Sochi, the city in which the 2014 Winter Olympics are being held, used to be part of Georgia and Abkhazia…kinda. It belongs to a region which is occasionally called Lesser Abkhazia (Russian: Малая Абхазия), Jiketi (Georgian: ჯიქეთი), or Sadzen, after the Sadz Abkhazians who used to live there. They don’t live there anymore, because they, along with most of the Northwest Caucasian peoples, were exterminated or expelled to Turkey by the Russian Empire about 150 years ago. Indeed, Sochi was originally built as a fort during Russia’s initial incursion into then-independent Circassia (or Cherkessia).
In 1918, amidst the chaos of the Russian Civil War, the newly-established Democratic Republic of Georgia captured Sochi. Ostensibly this action was taken to secure the area from Bolshevik takeover, but one can’t help think that the Georgians were also motivated by the following thoughts: 1) you can never control too much of the Black Sea coast, and 2) if you already have Abkhazia, why not also have Lesser Abkhazia?
Unfortunately, Georgia’s fledgling dreams of imperialism were dashed when, mere months later, the White Army captured Sochi for itself. The Georgians had evidently assumed that the Whites would join them as allies against the Reds, but they neglected the fact that the stated aim of the Whites was to reestablish the full extent of Tsarist dominion (of which Georgia itself was a part). After several counteroffensives back and forth, the river Psou (rhymes with “hoe”, not “how”) was eventually established as the (short-lived) border between Georgian Abkhazia and Russia.
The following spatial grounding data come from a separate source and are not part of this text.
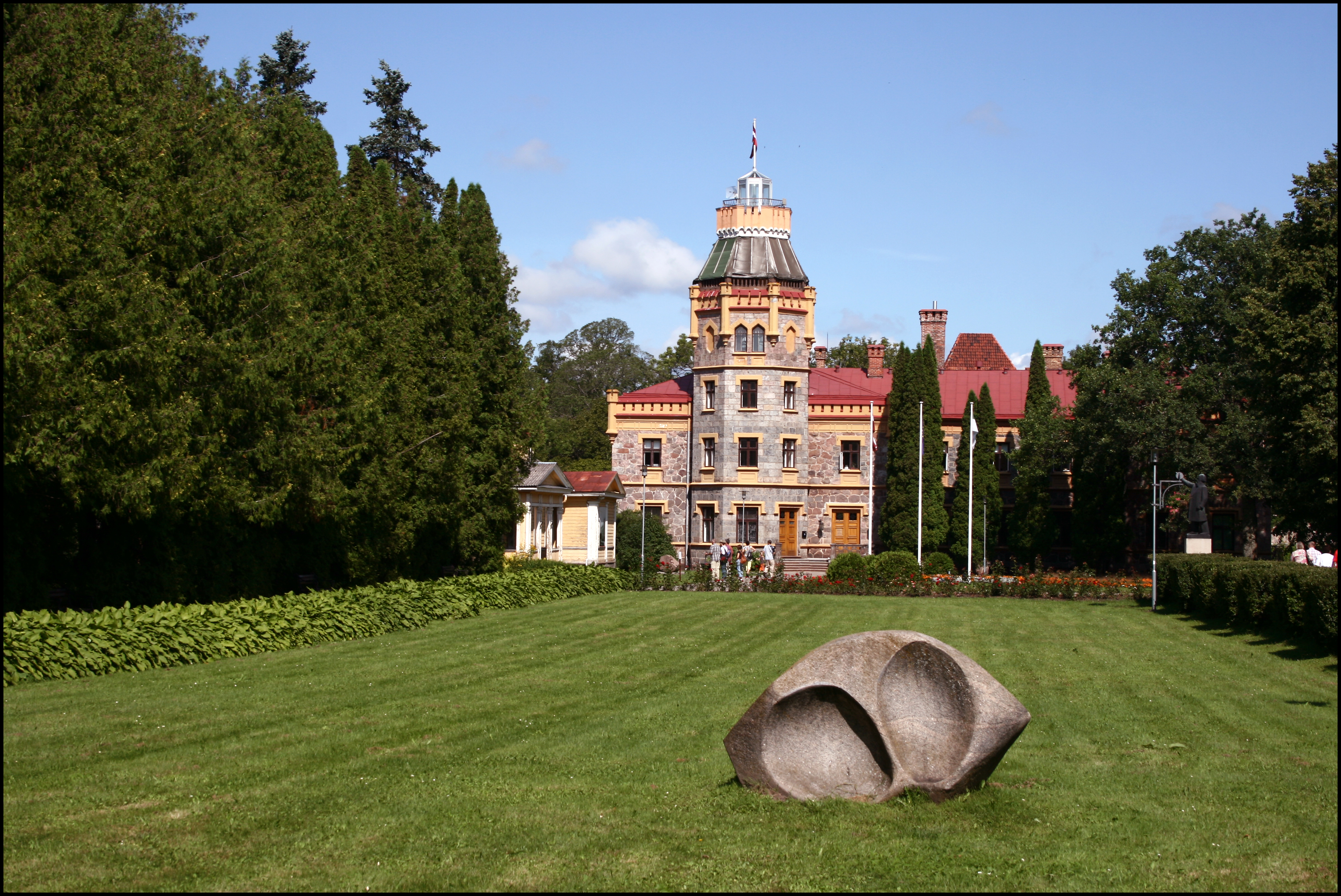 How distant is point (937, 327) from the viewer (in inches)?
2584

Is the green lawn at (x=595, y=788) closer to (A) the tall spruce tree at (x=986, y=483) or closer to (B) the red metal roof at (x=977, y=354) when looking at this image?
(A) the tall spruce tree at (x=986, y=483)

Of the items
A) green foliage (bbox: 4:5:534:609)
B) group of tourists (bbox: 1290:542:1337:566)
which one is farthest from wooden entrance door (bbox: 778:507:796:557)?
group of tourists (bbox: 1290:542:1337:566)

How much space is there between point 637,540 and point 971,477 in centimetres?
1386

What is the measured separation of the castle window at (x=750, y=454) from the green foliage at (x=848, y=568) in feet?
55.5

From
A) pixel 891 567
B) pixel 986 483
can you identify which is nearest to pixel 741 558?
pixel 891 567

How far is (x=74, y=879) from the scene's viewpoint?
22.5 feet

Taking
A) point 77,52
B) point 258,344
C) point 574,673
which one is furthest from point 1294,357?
point 77,52

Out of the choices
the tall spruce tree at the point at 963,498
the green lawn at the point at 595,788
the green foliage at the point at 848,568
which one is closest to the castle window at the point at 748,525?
the tall spruce tree at the point at 963,498

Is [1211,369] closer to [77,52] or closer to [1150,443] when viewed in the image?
[1150,443]

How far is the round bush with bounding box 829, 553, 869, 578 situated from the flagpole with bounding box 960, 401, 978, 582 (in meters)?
4.69

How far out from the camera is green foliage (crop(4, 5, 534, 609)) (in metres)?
15.5

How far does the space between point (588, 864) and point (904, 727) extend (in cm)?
264

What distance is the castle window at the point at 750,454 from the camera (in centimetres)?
5528

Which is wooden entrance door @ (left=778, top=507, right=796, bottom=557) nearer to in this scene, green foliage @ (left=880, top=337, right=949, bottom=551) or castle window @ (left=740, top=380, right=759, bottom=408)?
green foliage @ (left=880, top=337, right=949, bottom=551) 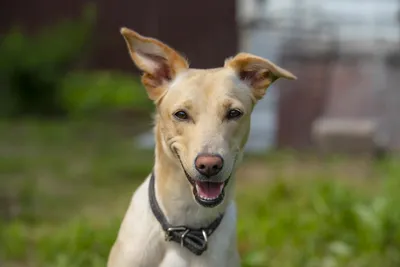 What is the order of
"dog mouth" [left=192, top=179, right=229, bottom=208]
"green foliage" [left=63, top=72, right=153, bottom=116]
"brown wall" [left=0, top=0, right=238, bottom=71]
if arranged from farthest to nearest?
"brown wall" [left=0, top=0, right=238, bottom=71]
"green foliage" [left=63, top=72, right=153, bottom=116]
"dog mouth" [left=192, top=179, right=229, bottom=208]

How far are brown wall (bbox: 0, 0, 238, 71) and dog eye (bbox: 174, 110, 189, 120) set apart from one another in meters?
11.1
Personally, I don’t get the big deal about the Black Sea. I’ve been to the beach in Yalta and I’ve been to the beach in Batumi (cities roughly equidistant from Sochi) and it really just wasn’t that great. The beaches are rocky, the water is both freezing and salty, and the boardwalks and hotels are run-down and weird. On the other hand, there are dolphins. That’s something.